### [REQUIRED WORK]
Where in the material does the word "Beach" appear? Copy each line that has it.
(Beginning of DATA SUPPLIED)
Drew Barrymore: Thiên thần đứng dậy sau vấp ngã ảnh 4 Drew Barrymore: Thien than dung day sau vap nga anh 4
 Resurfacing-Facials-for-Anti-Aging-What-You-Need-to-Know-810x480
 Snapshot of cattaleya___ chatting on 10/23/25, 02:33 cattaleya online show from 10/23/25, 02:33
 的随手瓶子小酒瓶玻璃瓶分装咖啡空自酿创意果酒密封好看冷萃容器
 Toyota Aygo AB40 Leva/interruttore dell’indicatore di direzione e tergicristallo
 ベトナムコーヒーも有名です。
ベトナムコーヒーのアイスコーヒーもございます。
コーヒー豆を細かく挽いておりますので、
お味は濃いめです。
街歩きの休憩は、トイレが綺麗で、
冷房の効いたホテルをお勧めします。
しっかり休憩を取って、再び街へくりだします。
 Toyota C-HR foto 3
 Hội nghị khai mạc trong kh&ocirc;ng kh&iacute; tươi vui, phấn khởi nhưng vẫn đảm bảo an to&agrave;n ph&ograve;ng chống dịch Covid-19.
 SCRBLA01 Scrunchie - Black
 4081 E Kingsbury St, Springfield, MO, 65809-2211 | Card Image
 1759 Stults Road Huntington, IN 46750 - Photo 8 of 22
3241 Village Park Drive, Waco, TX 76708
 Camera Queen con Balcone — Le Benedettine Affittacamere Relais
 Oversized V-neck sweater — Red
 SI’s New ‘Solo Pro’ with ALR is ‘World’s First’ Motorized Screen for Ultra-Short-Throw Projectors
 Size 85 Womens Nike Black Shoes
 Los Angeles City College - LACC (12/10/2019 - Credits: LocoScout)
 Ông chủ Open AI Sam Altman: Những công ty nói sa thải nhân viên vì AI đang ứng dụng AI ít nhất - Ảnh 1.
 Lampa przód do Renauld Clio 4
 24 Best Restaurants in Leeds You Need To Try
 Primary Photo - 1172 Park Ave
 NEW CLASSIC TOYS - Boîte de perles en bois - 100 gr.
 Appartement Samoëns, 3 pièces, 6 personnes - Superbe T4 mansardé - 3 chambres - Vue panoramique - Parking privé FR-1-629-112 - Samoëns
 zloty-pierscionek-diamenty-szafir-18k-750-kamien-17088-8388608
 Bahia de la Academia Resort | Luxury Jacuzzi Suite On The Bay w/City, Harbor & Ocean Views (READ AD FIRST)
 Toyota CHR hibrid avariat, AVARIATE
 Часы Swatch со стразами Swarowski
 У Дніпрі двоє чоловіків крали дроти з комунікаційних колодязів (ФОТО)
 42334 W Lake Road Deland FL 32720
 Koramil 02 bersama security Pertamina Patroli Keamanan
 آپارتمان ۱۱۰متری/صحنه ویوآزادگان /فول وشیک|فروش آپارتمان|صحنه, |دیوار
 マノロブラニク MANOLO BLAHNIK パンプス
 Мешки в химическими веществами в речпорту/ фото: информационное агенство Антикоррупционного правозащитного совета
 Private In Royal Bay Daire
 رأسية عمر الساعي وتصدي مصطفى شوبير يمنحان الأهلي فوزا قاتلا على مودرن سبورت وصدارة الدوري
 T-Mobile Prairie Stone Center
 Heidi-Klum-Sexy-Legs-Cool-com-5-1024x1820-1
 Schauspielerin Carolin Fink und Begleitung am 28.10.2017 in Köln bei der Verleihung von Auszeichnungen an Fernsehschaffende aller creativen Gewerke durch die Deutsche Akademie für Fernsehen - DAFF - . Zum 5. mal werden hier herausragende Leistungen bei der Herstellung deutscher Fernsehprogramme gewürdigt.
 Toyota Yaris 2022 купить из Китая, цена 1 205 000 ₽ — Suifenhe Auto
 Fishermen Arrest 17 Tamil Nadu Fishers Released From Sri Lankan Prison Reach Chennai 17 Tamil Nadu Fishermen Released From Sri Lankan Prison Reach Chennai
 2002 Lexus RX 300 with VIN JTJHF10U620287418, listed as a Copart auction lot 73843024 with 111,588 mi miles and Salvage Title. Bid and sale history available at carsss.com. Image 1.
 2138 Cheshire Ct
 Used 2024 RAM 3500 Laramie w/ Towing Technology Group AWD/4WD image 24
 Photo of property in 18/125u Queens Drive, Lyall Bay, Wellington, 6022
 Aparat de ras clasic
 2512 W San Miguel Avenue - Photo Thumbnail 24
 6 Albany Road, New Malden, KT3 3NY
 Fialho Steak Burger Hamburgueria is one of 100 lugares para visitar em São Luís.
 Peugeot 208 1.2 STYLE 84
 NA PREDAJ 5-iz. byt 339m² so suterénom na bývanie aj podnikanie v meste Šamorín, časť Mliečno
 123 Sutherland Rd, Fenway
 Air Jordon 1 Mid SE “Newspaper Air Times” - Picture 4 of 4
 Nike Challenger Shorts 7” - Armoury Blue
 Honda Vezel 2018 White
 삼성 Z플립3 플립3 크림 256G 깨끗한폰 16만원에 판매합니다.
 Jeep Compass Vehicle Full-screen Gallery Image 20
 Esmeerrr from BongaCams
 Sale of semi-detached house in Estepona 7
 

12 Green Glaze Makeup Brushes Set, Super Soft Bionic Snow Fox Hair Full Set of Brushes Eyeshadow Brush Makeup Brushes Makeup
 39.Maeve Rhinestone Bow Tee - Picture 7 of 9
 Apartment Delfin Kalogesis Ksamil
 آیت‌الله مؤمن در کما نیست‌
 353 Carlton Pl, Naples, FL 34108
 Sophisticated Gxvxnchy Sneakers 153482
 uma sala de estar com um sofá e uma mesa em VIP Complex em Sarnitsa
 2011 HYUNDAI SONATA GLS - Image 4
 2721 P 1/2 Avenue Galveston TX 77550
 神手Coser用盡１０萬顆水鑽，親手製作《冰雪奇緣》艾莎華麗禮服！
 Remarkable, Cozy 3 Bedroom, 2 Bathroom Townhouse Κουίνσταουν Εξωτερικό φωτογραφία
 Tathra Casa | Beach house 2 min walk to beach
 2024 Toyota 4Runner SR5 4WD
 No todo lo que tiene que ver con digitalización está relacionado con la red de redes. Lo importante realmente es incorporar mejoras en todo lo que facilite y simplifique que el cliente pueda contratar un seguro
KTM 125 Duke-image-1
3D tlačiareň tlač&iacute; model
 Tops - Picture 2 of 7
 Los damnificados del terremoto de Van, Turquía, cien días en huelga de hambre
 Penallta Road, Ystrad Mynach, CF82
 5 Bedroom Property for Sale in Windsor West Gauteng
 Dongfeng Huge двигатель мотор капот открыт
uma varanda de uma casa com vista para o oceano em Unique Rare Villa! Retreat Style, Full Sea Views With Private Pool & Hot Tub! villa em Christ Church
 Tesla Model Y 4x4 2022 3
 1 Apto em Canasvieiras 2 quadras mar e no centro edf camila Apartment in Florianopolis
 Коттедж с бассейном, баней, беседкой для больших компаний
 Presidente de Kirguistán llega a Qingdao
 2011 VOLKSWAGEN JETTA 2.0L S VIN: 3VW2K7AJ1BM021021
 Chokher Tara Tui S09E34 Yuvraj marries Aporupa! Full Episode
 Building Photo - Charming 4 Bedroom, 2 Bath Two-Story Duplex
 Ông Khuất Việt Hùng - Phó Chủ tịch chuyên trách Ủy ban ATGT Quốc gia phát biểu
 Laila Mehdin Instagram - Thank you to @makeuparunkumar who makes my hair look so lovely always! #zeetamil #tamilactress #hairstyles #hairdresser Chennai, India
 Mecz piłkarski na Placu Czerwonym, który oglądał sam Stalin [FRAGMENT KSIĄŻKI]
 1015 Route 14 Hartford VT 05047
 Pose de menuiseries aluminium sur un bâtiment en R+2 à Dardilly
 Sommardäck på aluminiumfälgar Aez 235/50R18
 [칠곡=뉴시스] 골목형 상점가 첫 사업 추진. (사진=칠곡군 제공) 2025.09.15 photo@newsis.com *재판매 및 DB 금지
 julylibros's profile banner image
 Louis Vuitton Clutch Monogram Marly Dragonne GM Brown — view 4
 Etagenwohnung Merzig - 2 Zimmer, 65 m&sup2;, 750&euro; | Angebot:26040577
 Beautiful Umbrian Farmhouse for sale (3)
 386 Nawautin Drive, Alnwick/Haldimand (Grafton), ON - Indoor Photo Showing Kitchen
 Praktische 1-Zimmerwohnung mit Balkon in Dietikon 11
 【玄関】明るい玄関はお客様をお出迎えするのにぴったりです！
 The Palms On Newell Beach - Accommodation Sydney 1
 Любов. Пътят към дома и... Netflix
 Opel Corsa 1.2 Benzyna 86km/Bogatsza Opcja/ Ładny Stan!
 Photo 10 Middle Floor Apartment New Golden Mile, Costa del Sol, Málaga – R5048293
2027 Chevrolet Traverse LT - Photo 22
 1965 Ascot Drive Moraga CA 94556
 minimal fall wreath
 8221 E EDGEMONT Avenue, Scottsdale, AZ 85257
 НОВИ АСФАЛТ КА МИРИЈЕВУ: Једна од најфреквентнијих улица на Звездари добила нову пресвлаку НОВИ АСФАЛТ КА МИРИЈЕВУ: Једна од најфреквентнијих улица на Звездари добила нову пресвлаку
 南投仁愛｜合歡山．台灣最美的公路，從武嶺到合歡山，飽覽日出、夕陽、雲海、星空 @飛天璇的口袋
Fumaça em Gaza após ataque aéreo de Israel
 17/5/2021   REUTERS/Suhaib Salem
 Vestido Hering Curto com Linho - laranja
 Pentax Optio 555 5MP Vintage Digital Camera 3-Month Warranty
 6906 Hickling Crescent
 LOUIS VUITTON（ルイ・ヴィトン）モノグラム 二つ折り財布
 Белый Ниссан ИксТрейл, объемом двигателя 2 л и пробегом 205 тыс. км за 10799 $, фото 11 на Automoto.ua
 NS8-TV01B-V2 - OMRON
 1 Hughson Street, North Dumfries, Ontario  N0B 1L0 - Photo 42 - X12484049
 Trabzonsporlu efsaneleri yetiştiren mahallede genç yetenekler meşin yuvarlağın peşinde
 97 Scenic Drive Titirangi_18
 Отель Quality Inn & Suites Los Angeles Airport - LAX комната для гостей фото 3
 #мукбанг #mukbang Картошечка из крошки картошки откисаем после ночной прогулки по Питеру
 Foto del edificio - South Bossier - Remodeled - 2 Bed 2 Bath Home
(End of DATA SUPPLIED)
### [TASK SOLUTION]
 Tathra Casa | Beach house 2 min walk to beach
 The Palms On Newell Beach - Accommodation Sydney 1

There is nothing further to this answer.